Farewell tours are always worth heading down to, even if you don’t know the artist in question all that well. I’d missed Swiss quintet Kruger by a hair at the Ouch My Generator! show with Oathbreaker and Coilguns last October, and with this their last European tour, a former colleague suggested this was something I shouldn’t miss.
The evening’s show was moved last minute from The Macbeth in Hoxton to Camden’s premier free venue The Unicorn, which served my purposes much better – although I’m too late to catch The Day Of Locusts.
I do arrive in time for Old Man Lizard to get going however, and I’m almost immediately glad I did. Although only a trio, there’s the immediate presence of Gav Senior’s beautifully big, fuzzy bass, marking this as some kind of stoner outfit – and not only that, but one with distinctly progressive leanings.

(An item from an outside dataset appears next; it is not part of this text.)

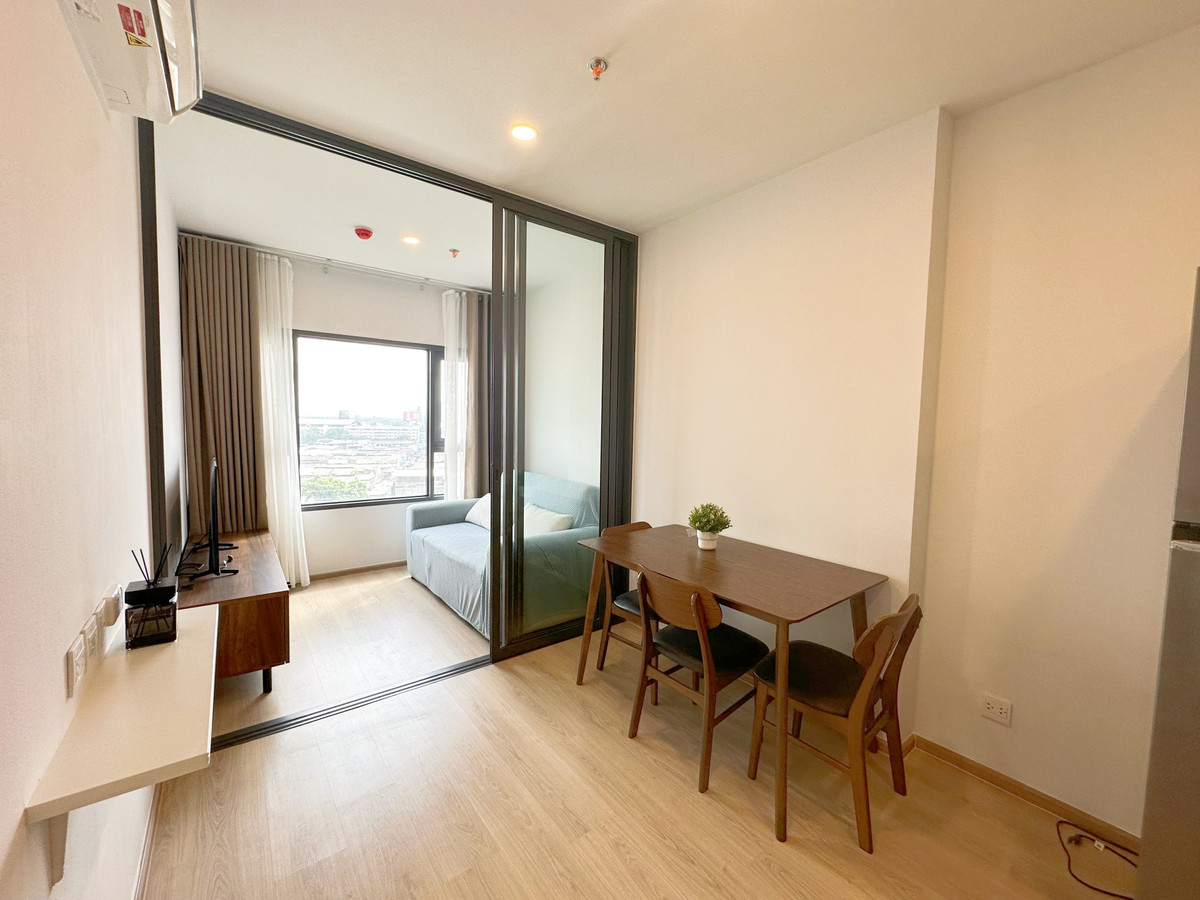 (For Rent) Life Rama 4 - Asoke, near MRT, Queen Sirikit National Convention Center Loading...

The sound is generally gorgeous throughout, and hits hard without losing clarity or tone. Frontman Jack Newnham’s harsh barks contrast his more dulcet tones nicely, reveling in songs about eating cabin boys and the man who had an evil face on the back of his head – a song that comes mid-way through the set about Edward Mordake, an unfortunate nineteenth century man with an extra face on the back of his head, which according to folklore whispered the most horrendous, evil things to him until he killed himself aged 23. Horrible as that sounds, the song is awesome. It’s built around a gorgeous central proggy chord progression worthy of frontman Jack Newnham’s gorgeous guitar.
It’s a great start to the evening, and not one I’d normally listen to, so a nice surprise.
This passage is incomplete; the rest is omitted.